Los suelos eran de tierra apisonada o mortero y únicamente el patio estaba pavimentado con losas de piedra. Las paredes recibían un simple enlucido o encalado. El mobiliario era muy escaso, podía transportarse de habitación en habitación y comprendía básicamente mesas, sillería, arcones, lámparas, braseros, hornillos y yacijas. Las colgaduras de tela que decoraban las paredes, las telas y cojines de sillas y divanes proporcionaban un ambiente cálido.
Algunas estancias que sólo tenían acceso desde la calle debían ser tiendas o talleres, donde solía trabajar el propietario de la casa. Las casas rurales tenían una disposición similar, aunque con instalaciones específicas (vallados, colmenas de barro, etc.), y muchas de ellas estaban dotadas de una torre que hacía las veces de almacén y defensa.

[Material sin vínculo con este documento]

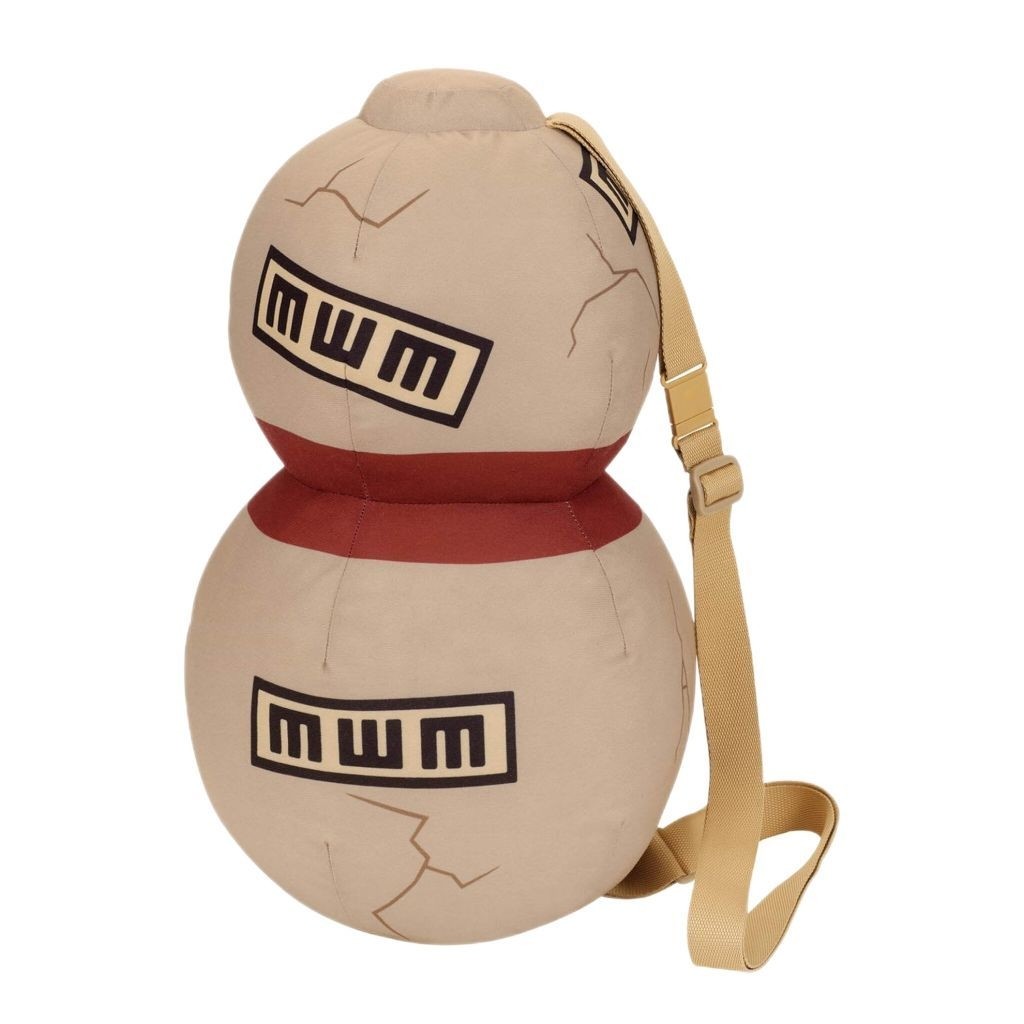 Boneka Tas Slingbag Sandbag Gaara Naruto Plush Original Banpresto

A finales del siglo V y principios del IV podemos datar la introducción de importantes innovaciones: las casas se hicieron más espaciosas y lujosas (Dem., 23.206-208), el patio se convirtió en un peristilo rodeado de columnas (cfr. Platón, Protágoras, 314d), en las habitaciones principales comenzaron a emplearse suelos de mosaicos, normalmente de teselas negras y blancas, y apareció la pintura mural y el estuco de viva policromía, imitando manipostería y sillería isodómica.
Durante la época helenística las casas ricas se construyeron aún más amplias y opulentas y los mosaicos y las pinturas, ambos de profuso colorido, se hicieron más frecuentes.